The completion of the transactions contemplated by the agreement is subject to certain conditions
being met and is expected to close in April 2023. EarthCo will have a March year-end to align with
MultiChoice as the majority owner.

The transactions contemplated in the agreement do not fall within a category transaction as defined in
the JSE Listings Requirements.

Randburg
2 March 2023

For further information:

Investor relations
Meloy Horn
meloy.horn@MultiChoice.com or investorrelations@MultiChoice.com
+27 11 289 3320 or +27 82 7727 123

Corporate affairs
Collen Dlamini
collen.dlamini@MultiChoice.co.za
+27 11 289 3000 or +27 83 212 0430

Sponsor
RAND MERCHANT BANK (A division of FirstRand Bank Limited)


Important notice

Shareholders should take note that, pursuant to a provision of the MultiChoice memorandum of
incorporation, MultiChoice is permitted to reduce the voting rights of shares in MultiChoice (including
MultiChoice shares deposited in terms of the American Depositary Share ("ADS") facility) so that the
aggregate voting power of MultiChoice shares that are presumptively owned or held by foreigners to
South Africa (as envisaged in the MultiChoice memorandum of incorporation) will not exceed 20% of the
total voting power in MultiChoice. This is to ensure compliance with certain statutory requirements
applicable to South Africa.

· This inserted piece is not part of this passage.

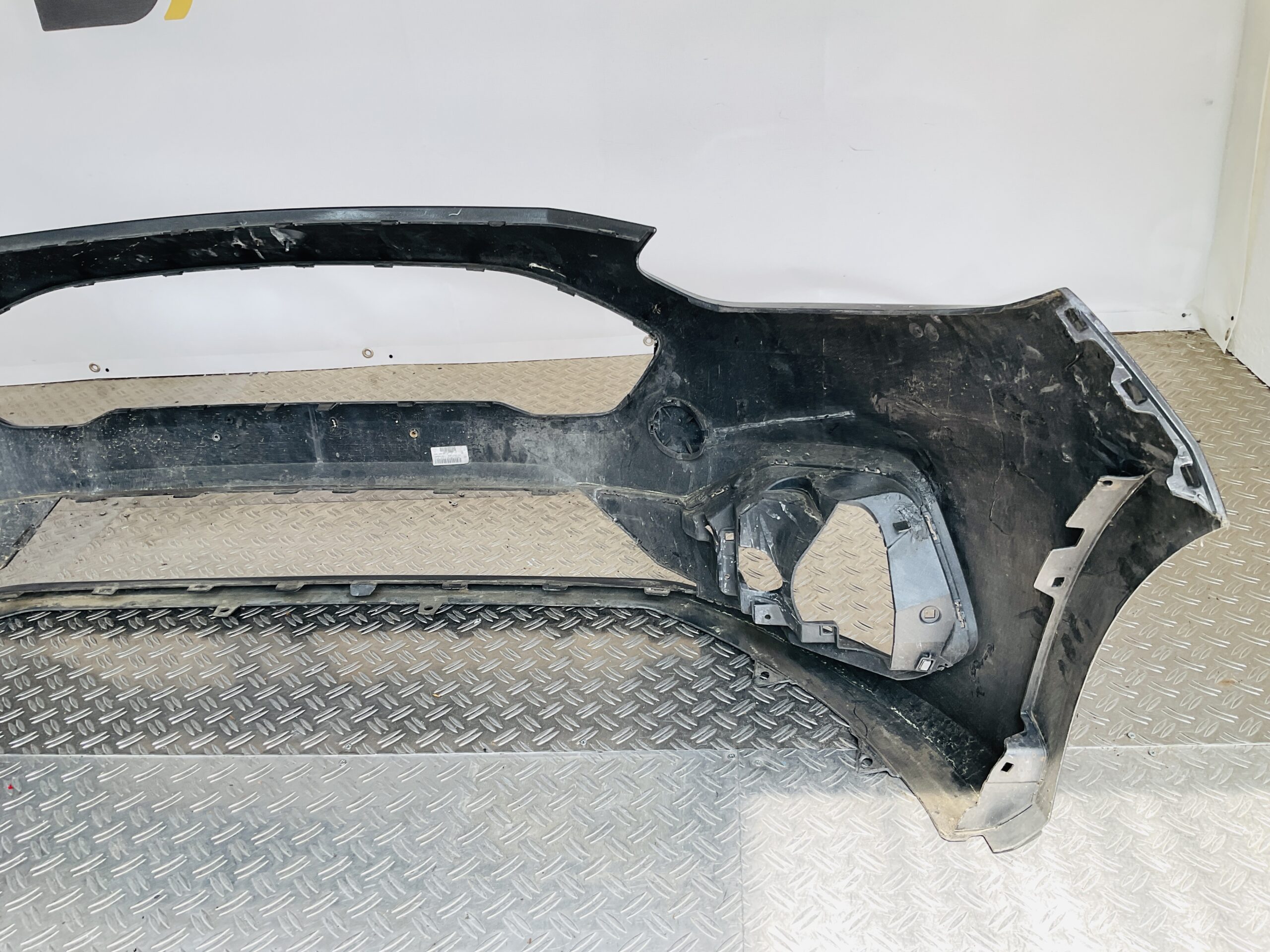 Bumper Ford Fiesta MK8 Stline ST-Line 17-22 Voorbumper 1-D8-13840z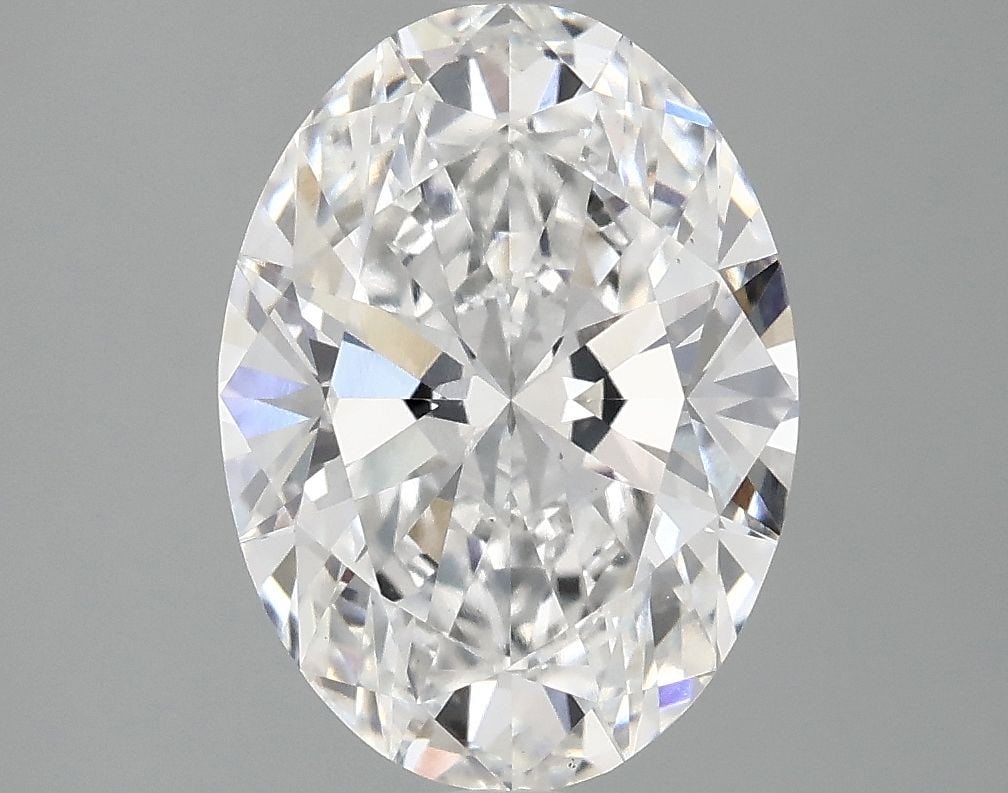 Loose Diamond - OVAL 2.53ct E VS1: Loose Diamond - OVAL 2.53ct E VS1 Source: This is a real non-mined Diamond that has been grown in a lab Shape: OVAL Carats: 2.53 Color: E Clarity: VS1 Certification: IGI The Diamond Depot Guarantee: A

For this purpose, MultiChoice will presume in particular that:

   •   all MultiChoice shares deposited in terms of the MultiChoice ADS facility are owned or held by
       foreigners to South Africa, regardless of the actual nationality of the MultiChoice ADS holder; and
   •   all shareholders with an address outside of South Africa on the register of MultiChoice will be
       deemed to be foreigners to South Africa, irrespective of their actual nationality or domicilium,
       unless such shareholder can provide proof, to the satisfaction of the MultiChoice board, that it
       should not be deemed to be a foreigner to South Africa, as envisaged in article 40.1.3 of the
       MultiChoice memorandum of incorporation.
Shareholders are referred to the provisions of the MultiChoice memorandum of incorporation available
at www.MultiChoice.com for further detail. If shareholders are in any doubt as to what action to take,
they should seek advice from their broker, attorney or other professional adviser.